Recent aerial surveys along the eastern coast of Russia indicated a minimum of 3,000-5,000 individuals, with very few of these breeding (only 127 broods were seen) (J. I. Hodges, cited by Schmutz and Kondratyev 1995).

Number of Occurrences with Good Viability/Integrity: Few (4-12)

Overall Threat Impact: Medium
Overall Threat Impact Comments: Subsistence hunting takes 5% of birds (1993 ICBP meeting) and spring hunting may be a limiting factor: "It is possible that subsistence harvest has been reduced enough to stop the population decline, but not enough to allow a population increase" (Petersen et al. 1994).
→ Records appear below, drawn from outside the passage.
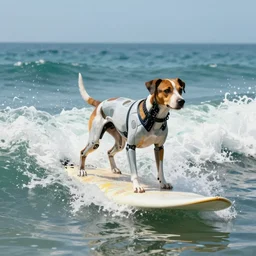 cyborg dogs on surfboards surfing on waves in the ocean, digital painting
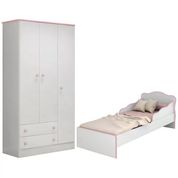 Mini Cama Infantil 849 E Guarda Roupa 2617 Doce Sonho Branco Rosa Qmovi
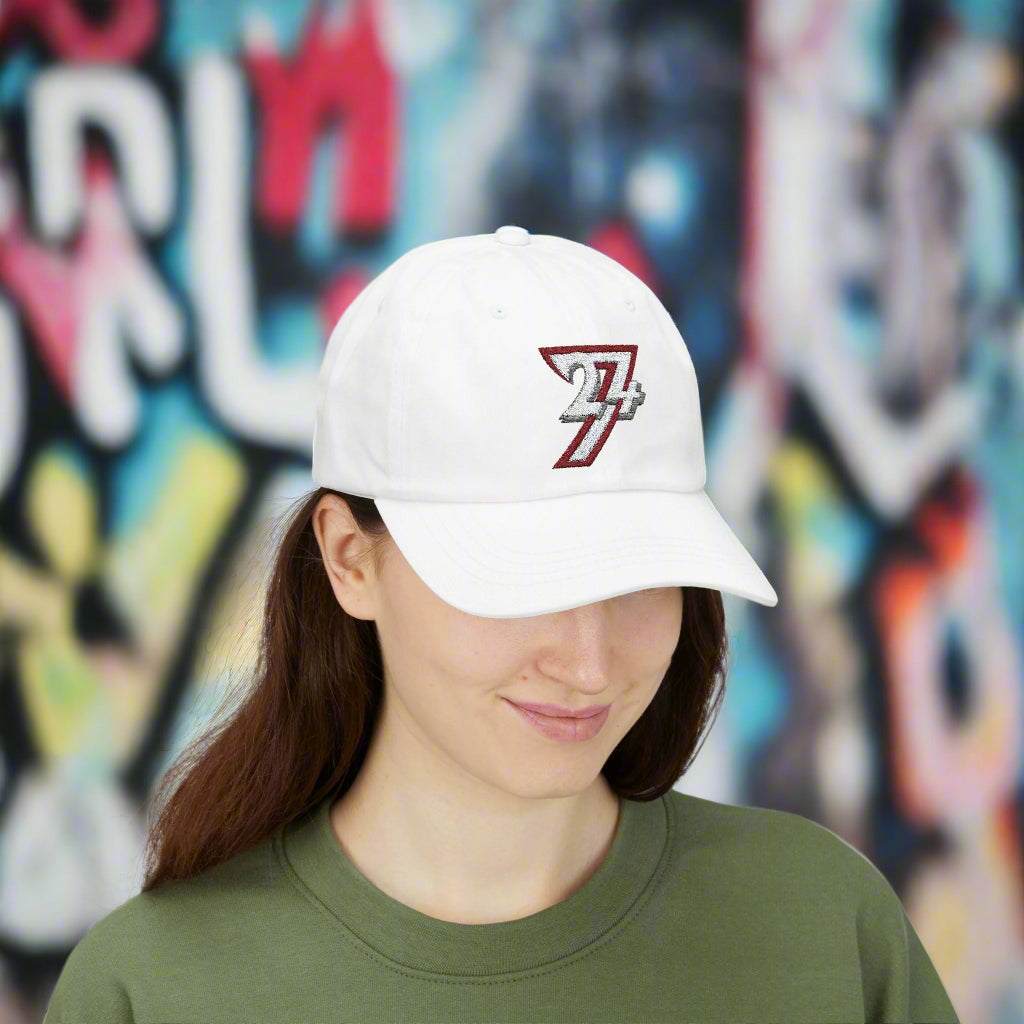 Baseball Hat Classic Dad Cap embroidered cap 24/7 Unique Designs white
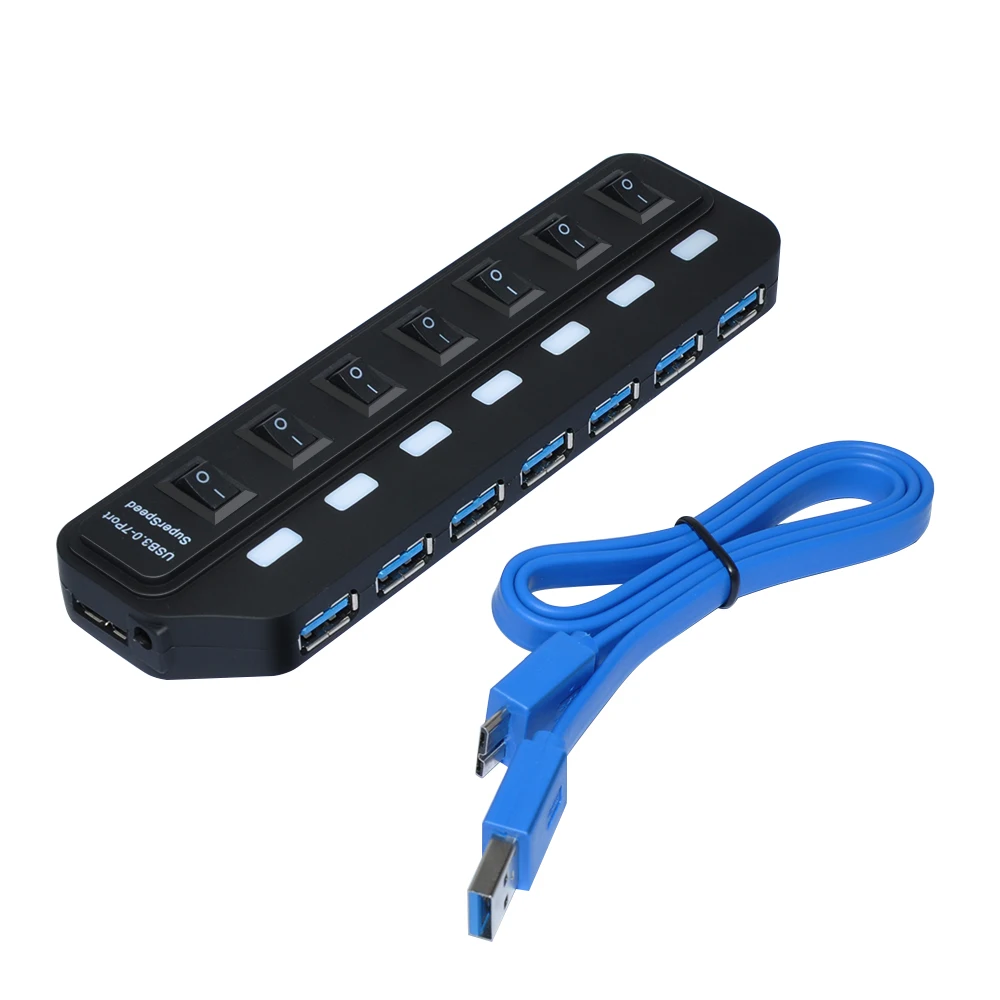 NEW USB HUB 3.0 Super Speed 5Gbps 7 Ports USB 3.0 HUB USB Splitter With On/Off Switch Platooninsert For Computer Peripherals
Emperor geese nesting in Alaska appear not to be greatly affected by increased fox predation observed on brant and cackling geese (USFWS 2008).

The species is vulnerable to oil pollution due to its restricted range and relatively small population size; major breeding and wintering areas are within sedimentary basins having high potential for oil development; probably these geese are most vulnerable when concentrated on wintering areas on the southern side of the Alaska Peninsula (Eisenhauer and Kirkpatrick 1977).

Modeling indicates that 54% of the habitat for this species could be lost by 2070 (Zöckler and Lysenko 2000).

Eisenhauer and Kirkpatrick (1977) stated that human disturbance of nests probably leads to significant egg losses to predators, but Petersen et al. (1994) state that "during pre-egg laying and incubation, pairs are little disturbed by people walking through the area or airplanes flying overhead."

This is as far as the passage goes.